Outside the basilica, the Garden of the Way of the Cross provides another opportunity for quiet contemplation. The 14 Stations of the Cross depicting the last day of Jesus Christ are represented by beautiful sculptures located throughout the garden.

While the oratory has become much more than that simple wayside chapel, its purpose as a peaceful place of worship remains the same.

 

Over, Under and Back Again

Canada #40 Montréal

As we explored the streets of downtown Montréal, we often caught glimpses of the elegant curves and contrasting geometric patterns of Jacques-Cartier bridge.

Built in 1930, the bridge spans the St Lawrence River and is 3,425.6 metres long. Originally named the Harbour Bridge, it was renamed in 1934 in honour of the French explorer Jacques Cartier, commemorating his first voyage along the St Lawrence River 400 years before.

With more than 35.8 million vehicles using the bridge every year, it is the third busiest in Canada and it’s not restricted to cars and buses. A sidewalk on one side of the bridge caters for pedestrians and cyclists while on the opposite side there’s a pedestrian only walkway. With amazing views of the river and the city, we knew this was going to be a walk with a difference.

Our walk began on the approach viaduct, where only a low cement wall separated us from five lanes of traffic. At the start, the sidewalk seemed as busy as the road. We had to be careful to stay on the right and listen for the warning bells as cyclists came up behind us.

Further along it became less busy, as those on bicycles hurtled past and regular walkers hurried on their way. We dawdled, admiring the views of the city, picking out familiar landmarks and watching as ferries and boats passed far below.

The views above us, of the huge steel trusses crosshatched against the blue sky, were equally as impressive.

Around the halfway mark where the bridge passes over St Helen’s Island, we came to a doorway leading to a staircase. We assumed the steps would take us down to ground level where we expected to find a corresponding staircase in the opposite pylon.

Instead, the steps went down just one level. An enclosed walkway one floor below the road was decorated with a colourful timeline of the bridge’s construction.

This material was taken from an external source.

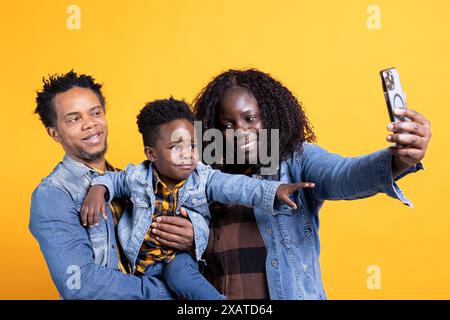 Genitori afroamericani che si fanno selfie con il loro bambino piccolo in studio, posano insieme e fanno ricordi. La mamma e il papà si divertono con il loro bambino, scattano foto al telefono. Foto Stock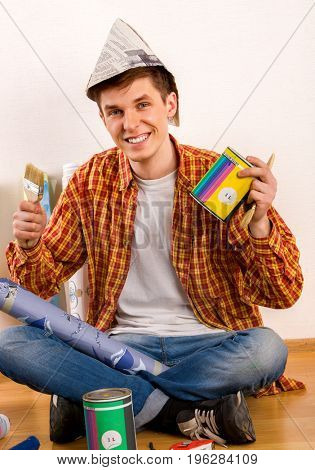 Repair home man holding paint roller for wallpaper. Male in newspaper cap renovation apartment. Student received his own apartment and take paint can and roll paper number one.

Again we took our time, learning more about the history of the bridge.

At the far end, we climbed up the stairs to the pedestrian only sidewalk. With no need to keep an eye out for cyclists, we could stop at any time to enjoy more views of the river and the city. From our elevated position we heard the screams of people on the rollercoasters at a nearby fun park.

As we left the bridge and walked once more along the approach viaduct, we stopped and turned back for one last look. Luckily, with an pedestrian underpass nearby, we didn’t have to brave the traffic to cross the road!